ECLI:NL:CRVB:2015:4432

Centrale Raad van Beroep

Datum uitspraak
4 december 2015
Publicatiedatum
9 december 2015
Zaaknummer
14/397 AOW
Instantie
Centrale Raad van Beroep
Type
Uitspraak
Rechtsgebied
Bestuursrecht; Socialezekerheidsrecht
Procedures
  • Hoger beroep
Rechters
Vindplaatsen
  • Rechtspraak.nl
AI samenvatting door LexboostAutomatisch gegenereerd

Herziening AOW-toeslag en terugvordering van te veel betaalde toeslag

In deze zaak gaat het om de herziening van de AOW-toeslag van appellant en de terugvordering van te veel betaalde toeslag door de Sociale verzekeringsbank (Svb). Appellant, woonachtig in België, ontving een ouderdomspensioen met een toeslag die afhankelijk was van het inkomen van zijn partner. In april 2012 meldde appellant dat zijn partner inkomen had, waarna de Svb verzocht om loonstroken. De Svb herzag de toeslag over de periode van maart tot en met augustus 2012 en vorderde € 2.115,06 terug. Appellant ging in beroep tegen deze beslissing, maar de rechtbank verklaarde het beroep ongegrond.
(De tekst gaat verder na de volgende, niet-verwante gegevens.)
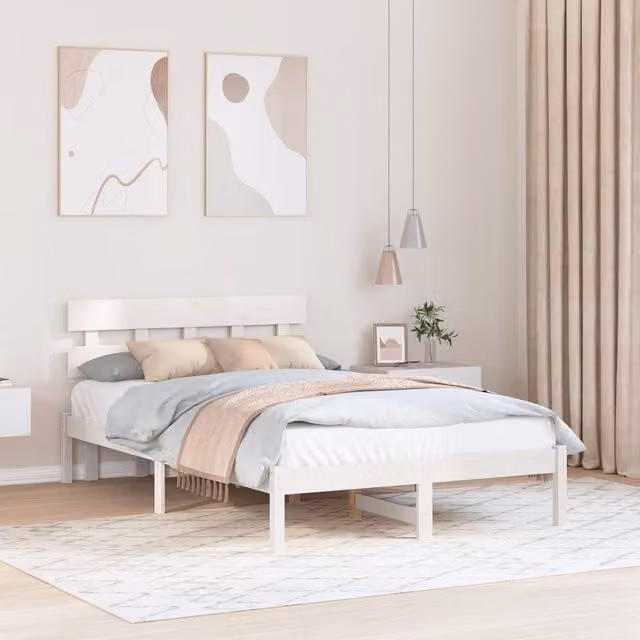 Berkfield Home White Lacquered Solid Pine Bed Frame with Headboard W: 135 cm, D: 190 cm, H: 80.5 cm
In hoger beroep betoogde appellant dat de rechtbank ten onrechte het standpunt van de Svb onderschreef. De Centrale Raad van Beroep oordeelde dat appellant redelijkerwijs had moeten begrijpen dat de verhoging van het inkomen van zijn partner zou leiden tot een herziening van de toeslag. De Raad bevestigde dat de Svb consistent beleid had gevoerd en dat er geen bijzondere omstandigheden waren die aanleiding gaven om van de herziening af te zien.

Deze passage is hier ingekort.